Thanks for the clarification, that helps me understand. Let’s focus on example 1 for now, where we have a status that is some kind of aggregated state of a workflow instance. Contrary to my previous post, I believe that managing such data in an external system is better than doing it in Zeebe.
That is because Zeebe will probably never have as powerful data manipulation and querying capabilities that Camunda BPM has, as Camunda BPM is based on a relational database (good for querying and manipulating any data) whereas Zeebe is built on the log stream concept (good at sequential processing).
The way you would build this with Zeebe is via a component that connects Zeebe and the secondary system that stores the status data (e.g. Elastic Search). This connecting component embeds the Zeebe client and opens a subscription to all of Zeebe’s workflow-related events. On every event that is of interest to you, this component would update the status in the secondary system. On workflow instance completion or cancellation, you would remove that state (if required), etc.

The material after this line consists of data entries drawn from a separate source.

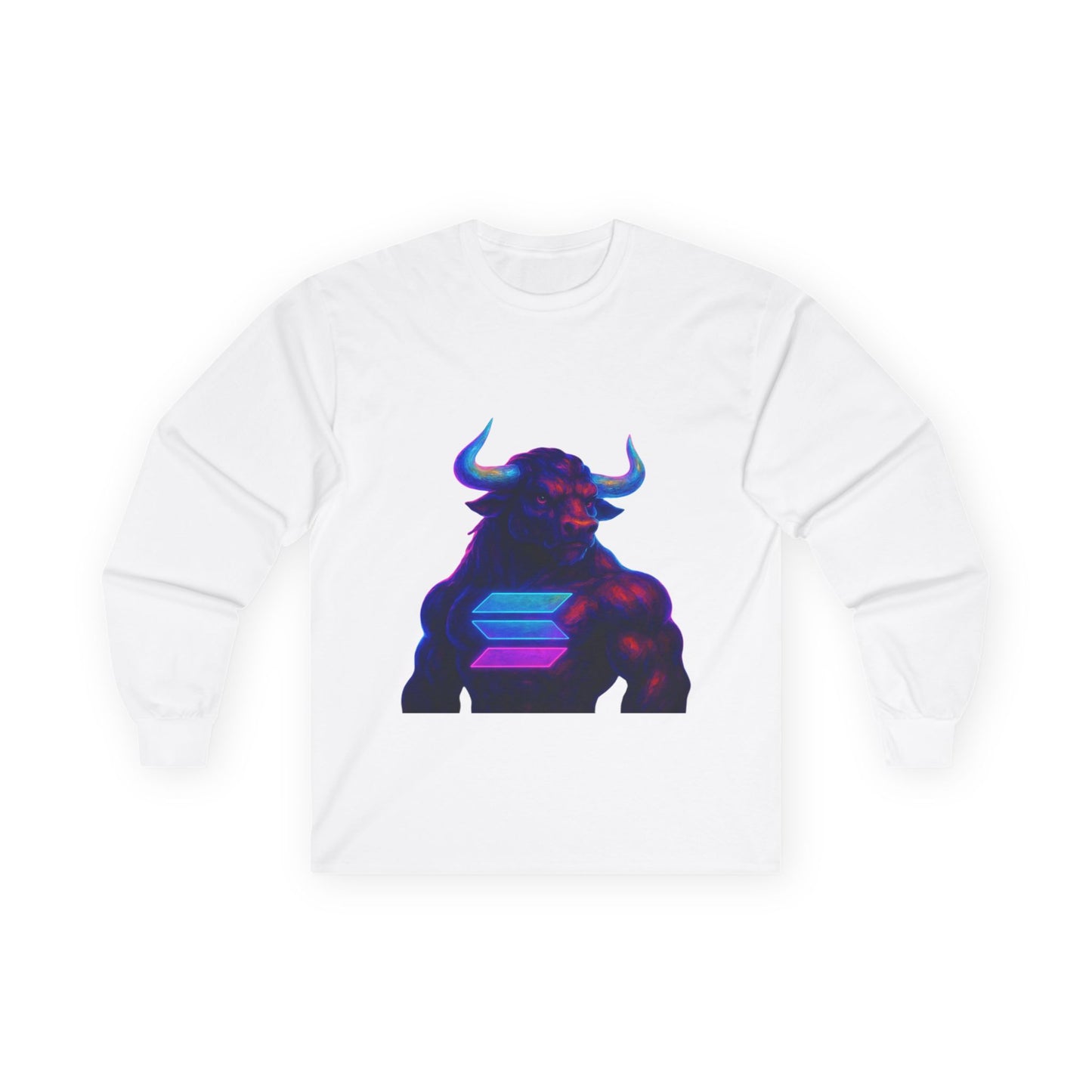 Solana Retro Bull Graphic Tee, Unisex Long Sleeve Shirt, Vintage Style Apparel, Gift for Him/Her, Cool Casual Wear, Cyberpunk Vibes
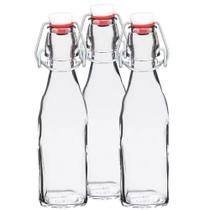 Garrafa De Vidro Transparente Com Tampa Hermética 250ml -1und Garrafa De Vidro Transparente Com Tampa Hermética 250ml -1und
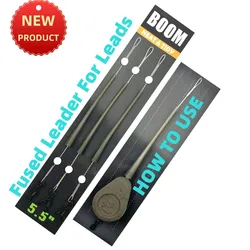 Accesorios en línea de plomo para pesca de carpa, gancho fundido para bolsas PVA, línea líder de aparejos terminales de pluma de fluorocarbono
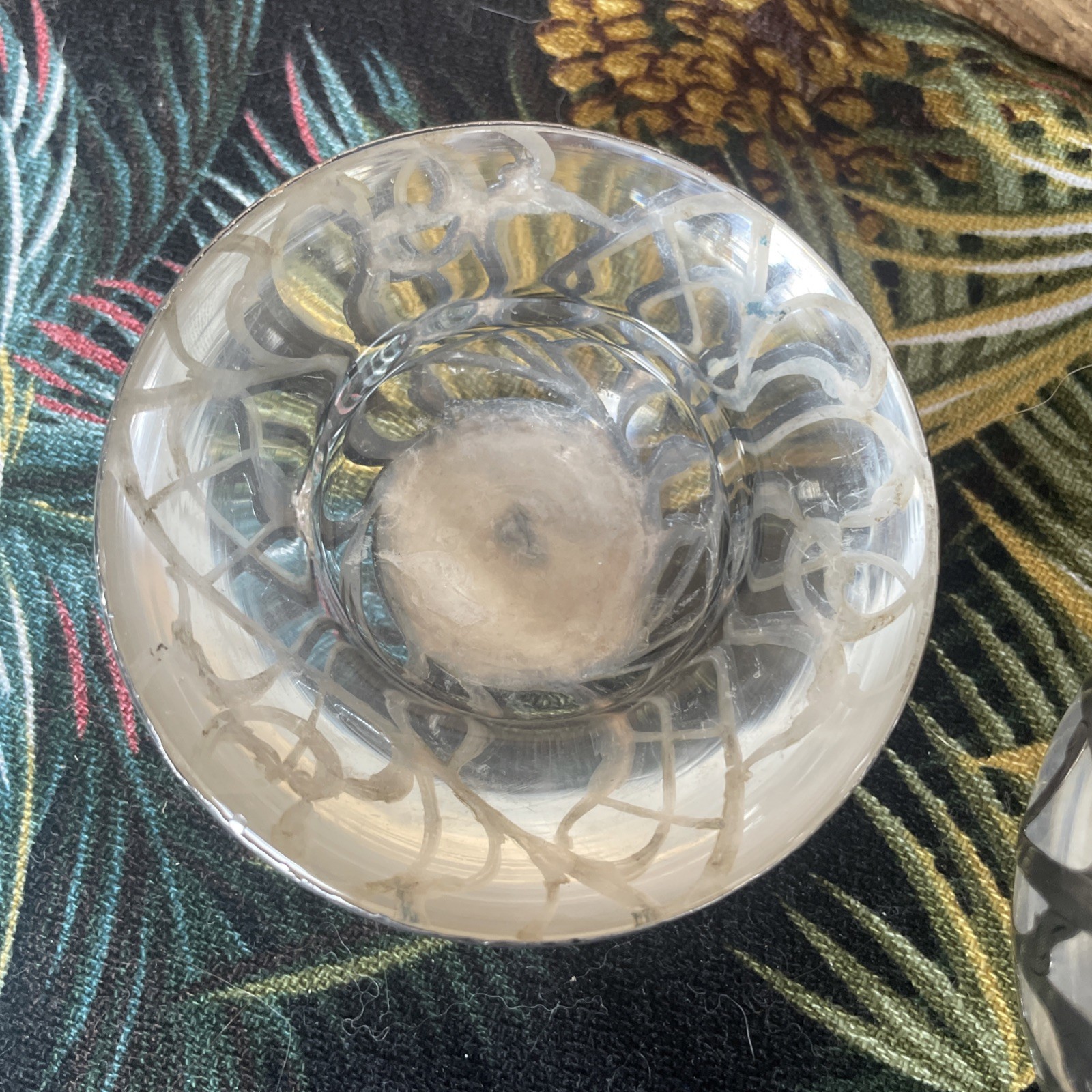 Antique Sterling Silver Overlay Glass Globe Art Nouveau Inkwell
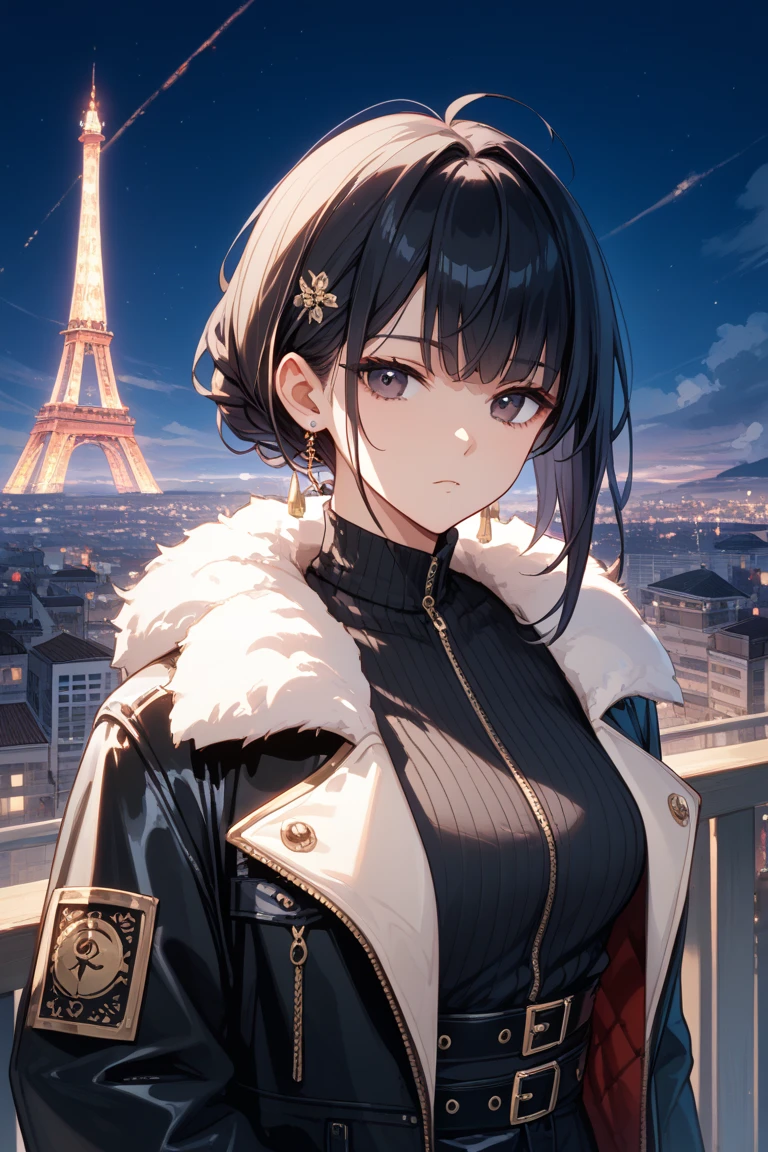 (((Masterpiece))), a top influencer woman, top quality, super detailed, cute and playful, classic blazer dress, long curly dark blue hair in high ponytail, white crop blazer, white mini skirt, lace tights, Paris city background, purple eyes, Blunt Bangs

The Zeebe client provides at-least-once invocation semantics for the handling of every subscribed event, so you are guaranteed to not miss a single one.
Of course, the logic which events are of interest must be encoded in this connecting component. Still the BPMN XML could be used to encode the configuration per process (e.g. you could have an extension property on every element that is relevant to the status).
It is correct that you then have two systems that manage data that is related. I see two cases for inconsistencies:
- Zeebe is ahead of the secondary system. For example, a task has already been completed but the secondary system has not recognized this, because it was not notified via the subscription yet.
- There is data loss in the secondary system.
For case 1, I don’t think that this is a problem for our example. Eventually the state of the secondary system will be up-to-date. In reality, this should be a short amount of time that shouldn’t be noticeable for humans. Also, the secondary system can maintain a timestamp for how old the data on a certain workflow instance is to somehow make that transparent to the user.
For case 2, you will need to have backups of the secondary system that contain the status data as well as the position of the last event that was received and processed via the Zeebe subscription. Via the Zeebe client, it is possible to “rewind” subscriptions to any previous event. On recovery, you can then rewind the subscription to the position of the last backup and then reprocess all events to recover the last state. If all backups were lost, you can rewind to the beginning. In the future, we will have a feature that will clean up events in Zeebe after a certain time and if they are no longer required in order to recover disk space. Then the rewind approach is limited to that window.
For the second example you gave, having the data in a secondary system allows you to define how long you keep which data, so it should not be an issue to keep data for longer than the time of a workflow instance.
Does that make sense?